To: Trevor Talbot <quension@gmail.com>
From: Robert Elz <kre@munnari.OZ.AU>
List: tech-kern
Date: 11/18/2007 18:16:39
    Date:        Sun, 18 Nov 2007 00:43:29 -0800
    From:        "Trevor Talbot" <quension@gmail.com>
    Message-ID:  <90bce5730711180043y185c6206qabc95174c1c7c43f@mail.gmail.com>

  | If you know you want to run specifically on the released version of
  | 4.0.0, why would you not use whatever value it actually has on 4.0.0,
  | regardless of what that value may be?  That's what I meant about
  | locking to a specific version.  You can't test compatibility by
  | guessing at an interface you don't have access to...

The point is that you sometimes know that function X existed, and had
3 parameters from NetBSD 2.0 until NetBSD 3.1, and you want to write
code that compiles for all of those versions (most likely including
unreleased minor versions of NetBSD 2 as the interface isn't likely
to change in that now) - but not for newer NetBSD 3's or for 4 (etc)
(and not before NetBSD 2).

And while testing for specific versions is possible, as we know what
value __NetBSD_Version__ had in each of those, if we want to do more
general tests, some macro (be it __NetBSD_Prereq_() or something else)
is better, as it allows the macro to deal with the internal structure
(such as it is) of __NetBSD_Version__ - allowing that to be altered
if necessary (as in the switch from 2.0I to 2.99.8 or whatever it was).

In any case, whatever is appropriate - changing __NetBSD_Version__ before
4.? is released, or deleting the macro, or altering its usage to include
another parameter, or altering the specification of how __NetBSD_Version__
should be used, something should be done before 4.0_RCx gets the RCx
removed from its name (at the very least to allow LKM builders, and others
to have LKM's built properly for the released version).

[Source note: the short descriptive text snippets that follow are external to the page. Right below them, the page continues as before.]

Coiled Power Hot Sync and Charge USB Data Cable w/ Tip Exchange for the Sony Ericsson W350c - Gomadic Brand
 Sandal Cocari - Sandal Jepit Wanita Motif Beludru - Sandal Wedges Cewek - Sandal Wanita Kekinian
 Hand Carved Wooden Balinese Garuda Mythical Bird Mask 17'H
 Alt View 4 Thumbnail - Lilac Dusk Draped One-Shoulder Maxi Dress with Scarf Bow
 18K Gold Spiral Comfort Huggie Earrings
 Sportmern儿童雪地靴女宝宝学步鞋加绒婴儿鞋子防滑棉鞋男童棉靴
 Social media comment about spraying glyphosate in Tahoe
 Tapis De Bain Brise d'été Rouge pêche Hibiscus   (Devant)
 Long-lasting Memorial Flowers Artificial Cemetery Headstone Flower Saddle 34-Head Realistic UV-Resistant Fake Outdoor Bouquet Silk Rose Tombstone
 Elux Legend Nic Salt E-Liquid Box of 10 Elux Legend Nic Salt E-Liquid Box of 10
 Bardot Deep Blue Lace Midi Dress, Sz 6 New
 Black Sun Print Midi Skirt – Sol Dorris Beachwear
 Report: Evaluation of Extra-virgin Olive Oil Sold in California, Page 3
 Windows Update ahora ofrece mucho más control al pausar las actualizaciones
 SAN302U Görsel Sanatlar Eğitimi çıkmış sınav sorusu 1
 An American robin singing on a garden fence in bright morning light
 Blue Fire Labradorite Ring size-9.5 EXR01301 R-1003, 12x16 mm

This coming release is the first one where __NetBSD_Version__ isn't
(currently) set according to its specification - the "(again)" in the
Subject relates to the state of it in the 2.0I versions after it was
determined that 2.1 would be what would have been 2.0.1 in the previous
naming scheme, and 3.0 would be the next major release (ie: that time it
only affected -current which is much less serious than a real release).